Last week, Prime Minister Yair Lapid flew over Karish in an apparent move to underline Israeli sovereignty over the site.

Hezbollah has escalated its rhetoric and actions over the border dispute since Israel moved a gas drilling vessel into the field, which Lebanon claims is a disputed area. In its boldest move, Hezbollah sent four drones toward the Karish platform late last month, all of which were intercepted by the Israel Defense Forces.

Nasrallah warned at the time that the drones sent to Karish were “only the beginning,” and that his group would go to war over the field.

On Monday, Nasrallah said the drone attack by Hezbollah was initiated in response to “violations” of Lebanon’s airspace by Israel. He claimed that such encroachments by Israel have been reduced since the terror group’s UAV operation.

Amid the escalation in tensions, the IDF has instituted a strict security ring around Karish and Israel’s territorial waters more broadly, with regular naval patrols, Channel 12 said. IAF and IDF troops stationed along the Lebanon border have also been placed on heightened alert.

Former National Security Council chairman Yaakov Amidror told Channel 12 that Israel still must take Nasrallah’s warnings seriously. “If there’s no agreement [on Karish] when the time comes to extract the gas out from the sea, one must assume there’ll be a war. Hopefully there won’t be, but that can’t be the assumption,” he said.

US Energy Envoy Amos Hochstein visited the region last month and managed to convince Lebanon to come down from an earlier claim to a massive maritime zone that included Karish, which Israel seeks to develop as it tries to position itself as a natural gas supplier to Europe.

Nasrallah said Monday that “the Americans distracted Lebanon” with the negotiations as Israel began efforts to extract gas from the Eastern Mediterranean.

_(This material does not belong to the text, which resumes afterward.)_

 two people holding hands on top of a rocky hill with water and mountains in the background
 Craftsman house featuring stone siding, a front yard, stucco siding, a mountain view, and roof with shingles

He also claimed that the US “pressured” Lebanon to agree to Israel’s demands regarding the maritime border.

“The Lebanese state is incapable of making the right decision that would protect Lebanon and its riches, therefore the resistance must take this decision,” Nasrallah said, a further shot at the government in Beirut.

The Hezbollah leader clarified that his claims are not just in regards to Karish, but rather “all of the oil and gas fields looted by Israel in Palestine’s waters.